Он уставился на меня, выпрямился. Перевел глаза на Алексея, застывшего с усмешкой у костра, и опять – на меня. А я лихорадочно вспоминал, как по-испански дерево.
– Арвооль! – воспроизвел наконец.
И, подойдя к соседней араукарии, взмахнул сцепленными в замок руками. Алешка расхохотался. Ну, рублю я, рублю как могу, чего ржать-то как конь, – плюнул я с досадой, повторив «дерево» и свой маневр.

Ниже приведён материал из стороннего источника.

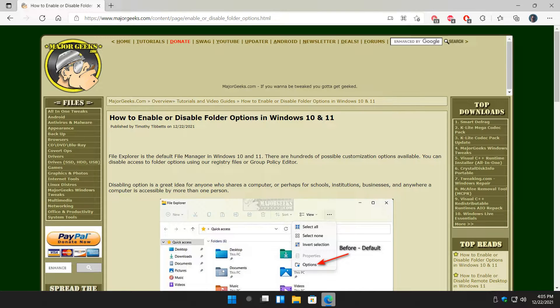Hey there geeks, Tim with MajorGeeks.com. As always, today we're going to show you how to enable or disable folder options in File Explorer in Windows 10 and 11.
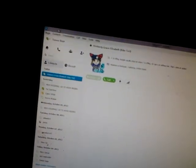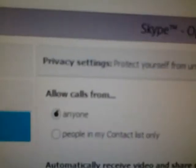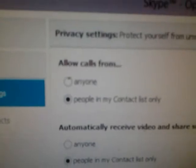Someone saw my videos about the random voice messages and told me how to prevent that from happening. I did not know about this. Click Skype, go to Privacy, and then allow calls from people on my contacts list only.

– Подожди, – сказал штурман.
Он схватил Прошин блокнот и набросал нечто похожее на корявого человечка с флажком на палочке. Ткнул пальцем во флажок:
– На «юнкерсе» есть топор?
Немец перевел взгляд на меня. Но кажется, там, в его пустом взгляде, что-то забрезжило. Тут и у меня забрезжило. Костино изделие ведь валялось в зарослях возле самолета. Я рванул туда, порыскал в траве по пояс, здорово приложился ногой о камень и понял, что это оно и есть, изделие КЛ-1. Но улетело-то оно тогда без палки, палку потом Костя сюда закинул… О! Нашел и палку. Оборванная веревка болталась здесь же. Радостный, я замотал ее, выбрался из травы и, как тот же питекантроп, выскочил на поляну с каменным топором в руках.
И увидел, что на меня смотрит весь экипаж. Когда только успели, вернулись? Проша смотрел с недоумением и неловкостью, Петр Иваныч – чуток смущенно, с птеродактилем в патронташе. Константин с придыханием от сдавливаемого смеха сказал:
– Явление второе, сцена третья.
Понятно, что выглядел я как идиот в галифе, шляпе из папоротника, с каменным топором и взглядом злобного капитана, отмечающего расхлюстанный вид и вольное обращение младших по рангу, но мне-то было не до них. Сунув фрицу под нос топор, постучал по нему пальцем и сказал заветное слово:
– «Юнкерс». Dort ist?[3]
Вроде бы правильно спросил «там есть?». Фашист смотрел на меня. Глаза перебегали с одного моего глаза на другой, так всегда взгляд бегает, когда очень близко стоишь. Он посмотрел на топор, на экипаж, выстроившийся с интересом тут же. Лицо исказилось то ли от страха, то ли от злости, не поймешь. Мотнул головой и дернул воротник рубахи. Дурень, оторвал воротник.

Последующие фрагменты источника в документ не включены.